Было хорошо, как хорошо и теперь лежать в постели, ни о чем не думая, лишь наблюдая за солнечными бликами… Но на воле пробуждался день. Сначала он завозился, недовольно повизгивая, будто щенок, но вот он забормотал, затарахтел: мимо окна с грохотом промчались грузовики, прогремели гусеничные тракторы, где-то захаркал экскаватор, где-то кто-то затянул песню, но тут же оборвал ее, очевидно устыдясь… и день, расчистив себе путь, весело зашагал по земле.
– Вставай! Эй!

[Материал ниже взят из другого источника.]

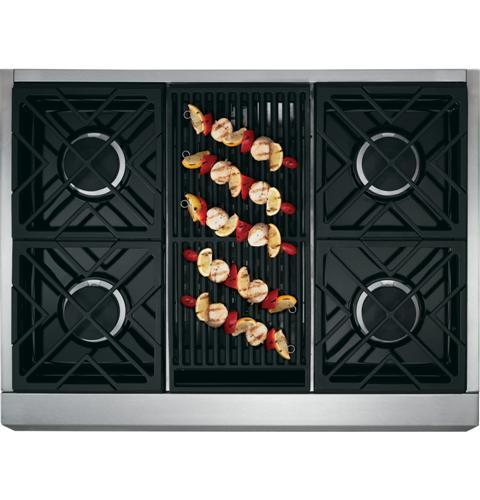 GE Monogram® 36" Dual-Fuel Professional Range with 4 Burners and Grill (Liquid Propane)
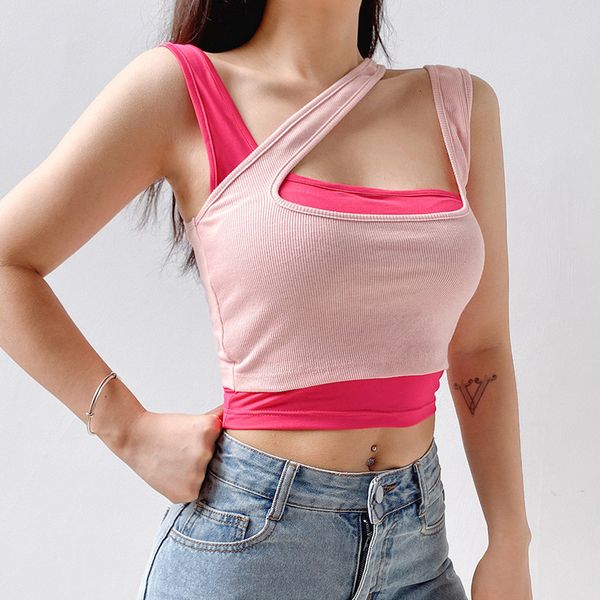 2021 new shoulder strap, fashion, female, sexy, irregular, short vest, uniform color, artificial two-piece set, summer 4wlv, White
2021 new shoulder strap, fashion, female, sexy, irregular, short vest, uniform color, artificial two-piece set, summer 4wlv, White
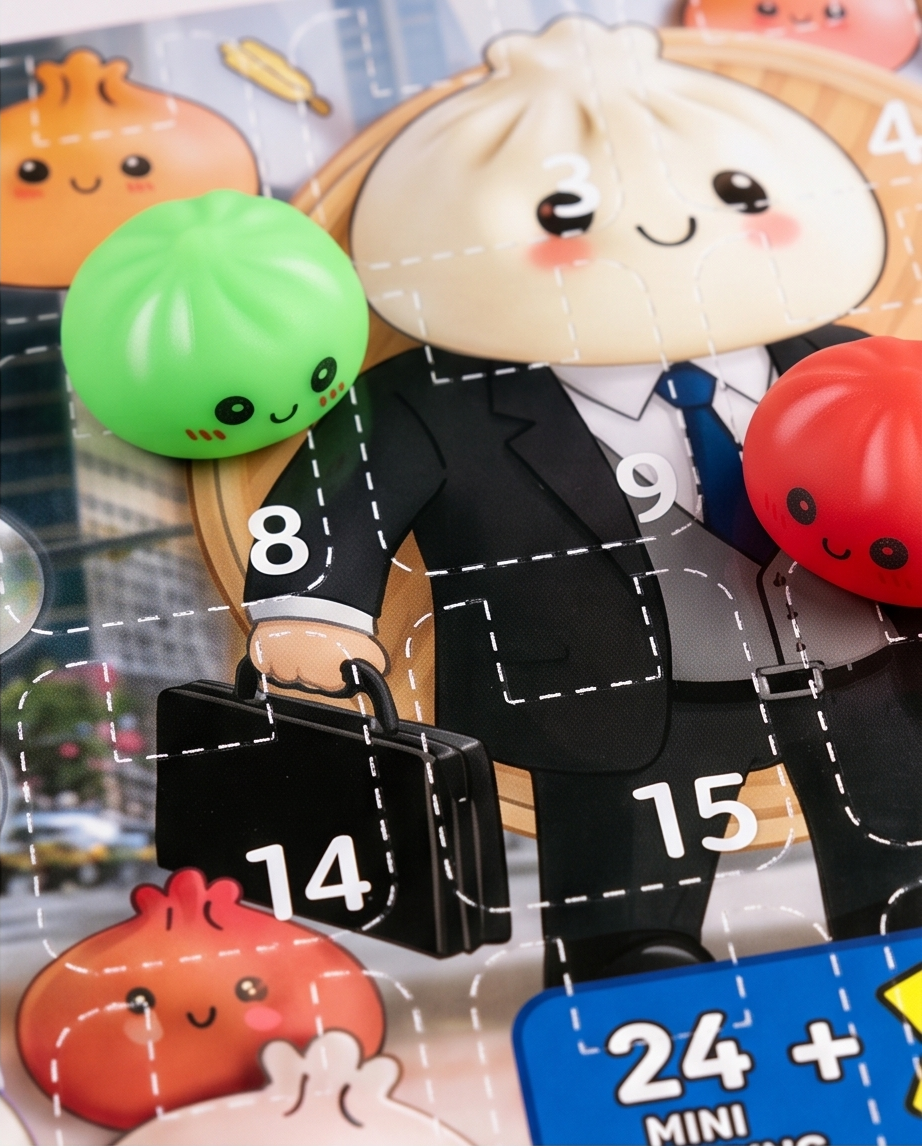 24-Piece Mystery Dumpling Squishy Countdown Advent Calendar – Slow Rise Sensory Fidget Toys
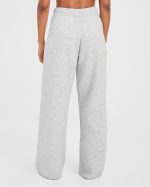 Varsity Oversized Knitted Joggers - Grey Marl - Image 2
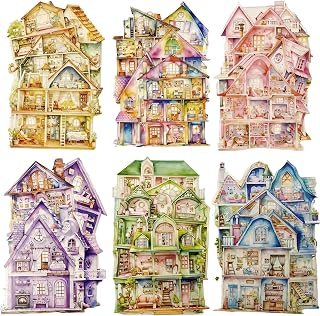 TIAMECH Dreamy Little Nest PET Stickers - 30 Pcs Warm Home & Rainbow Residence Cottage Design, Waterproof Sticker for Journaling & Scrapbooking, Junk Journal Supplies, Ephemera & DIY Crafts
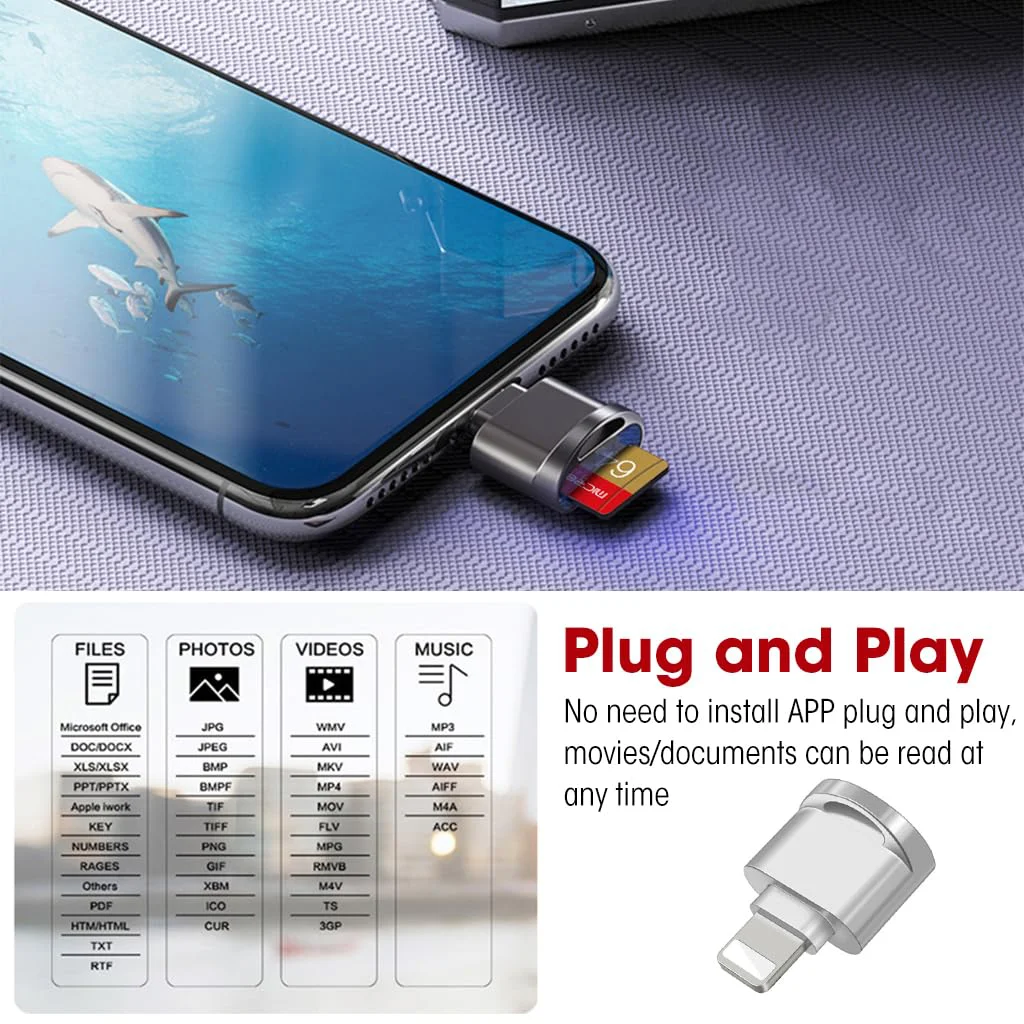 Verilux® Micro SD Card Reader for iPhone iPad, Micro SD/TF Card Reader Memory Card Reader for iPhone Plug and Play Card Reader for iPhone 13/12/Pro/11/X/XR/Max - image 5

Не лежи на перекрестке дорог, – тихо и насмешливо проговорил Кирилл, затем вскочил, оделся и подошел к кровати, где спала Стеша.
Она спала вольно, раскинувшись. Одеяло с нее сползло и лежало на полу, на коврике, будто кем-то небрежно брошенное для украшения. Из-под взбитой ночной сорочки выделялись обнаженные ноги. Они были в легком загаре, покрытые пушком, не тонкие – лядащие, а скорее полные, мускулистые и женственно красивые. Одно плечо тоже было обнажено… да и вообще казалось – Стеша лежит нагая: лучи солнца, падая на нее, рассыпались по всей постели, и сквозь тонкую розовую сорочку резко обрисовывались очертания тела. А она спала, ничего не слыша, и спокойно дышала. Дышали ее груди, сильные, назревшие груди матери, дышали синие жилки на шее, на висках под мягкими кудерьками, дышали руки с ямками на локтевых сгибах.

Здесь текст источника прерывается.